[Work item] Every line of the material is to be given again exactly.

- - - - -

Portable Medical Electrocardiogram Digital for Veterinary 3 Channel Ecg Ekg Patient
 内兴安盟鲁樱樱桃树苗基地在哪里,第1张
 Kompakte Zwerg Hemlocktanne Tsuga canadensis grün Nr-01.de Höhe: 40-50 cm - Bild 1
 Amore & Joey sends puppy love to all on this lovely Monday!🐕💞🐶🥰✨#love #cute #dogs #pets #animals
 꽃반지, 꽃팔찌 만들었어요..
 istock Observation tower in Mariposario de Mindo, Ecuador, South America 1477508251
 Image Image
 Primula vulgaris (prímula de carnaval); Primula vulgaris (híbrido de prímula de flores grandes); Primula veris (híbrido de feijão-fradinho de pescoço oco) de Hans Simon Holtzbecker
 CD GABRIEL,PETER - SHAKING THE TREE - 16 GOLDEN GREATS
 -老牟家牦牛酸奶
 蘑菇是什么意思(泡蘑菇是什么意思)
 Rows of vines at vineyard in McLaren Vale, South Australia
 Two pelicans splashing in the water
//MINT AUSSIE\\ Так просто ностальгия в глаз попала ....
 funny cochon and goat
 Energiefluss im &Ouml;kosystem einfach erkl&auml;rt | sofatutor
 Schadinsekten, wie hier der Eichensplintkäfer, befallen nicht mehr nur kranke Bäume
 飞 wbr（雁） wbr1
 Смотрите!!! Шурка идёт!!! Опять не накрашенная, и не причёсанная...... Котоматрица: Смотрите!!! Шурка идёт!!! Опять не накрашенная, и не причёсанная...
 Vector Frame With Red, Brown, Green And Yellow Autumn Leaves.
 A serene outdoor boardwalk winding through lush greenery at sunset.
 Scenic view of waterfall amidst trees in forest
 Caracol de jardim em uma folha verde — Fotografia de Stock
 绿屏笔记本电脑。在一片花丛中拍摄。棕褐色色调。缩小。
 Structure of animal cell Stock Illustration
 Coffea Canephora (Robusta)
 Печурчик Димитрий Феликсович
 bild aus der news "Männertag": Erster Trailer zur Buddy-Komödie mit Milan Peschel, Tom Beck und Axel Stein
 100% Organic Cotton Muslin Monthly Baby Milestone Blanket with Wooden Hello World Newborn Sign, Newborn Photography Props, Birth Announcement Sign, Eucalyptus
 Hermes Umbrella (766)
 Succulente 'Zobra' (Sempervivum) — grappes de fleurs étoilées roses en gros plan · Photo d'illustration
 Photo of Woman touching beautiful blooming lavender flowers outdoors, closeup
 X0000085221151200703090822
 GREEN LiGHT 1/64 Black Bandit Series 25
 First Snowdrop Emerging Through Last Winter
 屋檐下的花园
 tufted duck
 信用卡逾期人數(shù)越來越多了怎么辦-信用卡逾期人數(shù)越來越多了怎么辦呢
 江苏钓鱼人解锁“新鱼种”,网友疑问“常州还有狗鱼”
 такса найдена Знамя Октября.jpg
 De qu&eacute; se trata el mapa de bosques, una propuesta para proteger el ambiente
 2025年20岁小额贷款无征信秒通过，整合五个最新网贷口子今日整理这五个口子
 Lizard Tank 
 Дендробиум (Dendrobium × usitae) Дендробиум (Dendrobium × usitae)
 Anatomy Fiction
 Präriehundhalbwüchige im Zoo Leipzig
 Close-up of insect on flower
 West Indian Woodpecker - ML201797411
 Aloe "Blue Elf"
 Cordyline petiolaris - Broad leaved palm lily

- - - - -

[Written answer]
Portable Medical Electrocardiogram Digital for Veterinary 3 Channel Ecg Ekg Patient
 内兴安盟鲁樱樱桃树苗基地在哪里,第1张
 Kompakte Zwerg Hemlocktanne Tsuga canadensis grün Nr-01.de Höhe: 40-50 cm - Bild 1
 Amore & Joey sends puppy love to all on this lovely Monday!🐕💞🐶🥰✨#love #cute #dogs #pets #animals
 꽃반지, 꽃팔찌 만들었어요..
 istock Observation tower in Mariposario de Mindo, Ecuador, South America 1477508251
 Image Image
 Primula vulgaris (prímula de carnaval); Primula vulgaris (híbrido de prímula de flores grandes); Primula veris (híbrido de feijão-fradinho de pescoço oco) de Hans Simon Holtzbecker
 CD GABRIEL,PETER - SHAKING THE TREE - 16 GOLDEN GREATS
 -老牟家牦牛酸奶
 蘑菇是什么意思(泡蘑菇是什么意思)
 Rows of vines at vineyard in McLaren Vale, South Australia
 Two pelicans splashing in the water
//MINT AUSSIE\\ Так просто ностальгия в глаз попала ....
 funny cochon and goat
 Energiefluss im &Ouml;kosystem einfach erkl&auml;rt | sofatutor
 Schadinsekten, wie hier der Eichensplintkäfer, befallen nicht mehr nur kranke Bäume
 飞 wbr（雁） wbr1
 Смотрите!!! Шурка идёт!!! Опять не накрашенная, и не причёсанная...... Котоматрица: Смотрите!!! Шурка идёт!!! Опять не накрашенная, и не причёсанная...
 Vector Frame With Red, Brown, Green And Yellow Autumn Leaves.
 A serene outdoor boardwalk winding through lush greenery at sunset.
 Scenic view of waterfall amidst trees in forest
 Caracol de jardim em uma folha verde — Fotografia de Stock
 绿屏笔记本电脑。在一片花丛中拍摄。棕褐色色调。缩小。
 Structure of animal cell Stock Illustration
 Coffea Canephora (Robusta)
 Печурчик Димитрий Феликсович
 bild aus der news "Männertag": Erster Trailer zur Buddy-Komödie mit Milan Peschel, Tom Beck und Axel Stein
 100% Organic Cotton Muslin Monthly Baby Milestone Blanket with Wooden Hello World Newborn Sign, Newborn Photography Props, Birth Announcement Sign, Eucalyptus
 Hermes Umbrella (766)
 Succulente 'Zobra' (Sempervivum) — grappes de fleurs étoilées roses en gros plan · Photo d'illustration
 Photo of Woman touching beautiful blooming lavender flowers outdoors, closeup
 X0000085221151200703090822
 GREEN LiGHT 1/64 Black Bandit Series 25
 First Snowdrop Emerging Through Last Winter
 屋檐下的花园
 tufted duck
 信用卡逾期人數(shù)越來越多了怎么辦-信用卡逾期人數(shù)越來越多了怎么辦呢
 江苏钓鱼人解锁“新鱼种”,网友疑问“常州还有狗鱼”
 такса найдена Знамя Октября.jpg
 De qu&eacute; se trata el mapa de bosques, una propuesta para proteger el ambiente
 2025年20岁小额贷款无征信秒通过，整合五个最新网贷口子今日整理这五个口子
 Lizard Tank 
 Дендробиум (Dendrobium × usitae) Дендробиум (Dendrobium × usitae)
 Anatomy Fiction
 Präriehundhalbwüchige im Zoo Leipzig
 Close-up of insect on flower
 West Indian Woodpecker - ML201797411
 Aloe "Blue Elf"
 Cordyline petiolaris - Broad leaved palm lily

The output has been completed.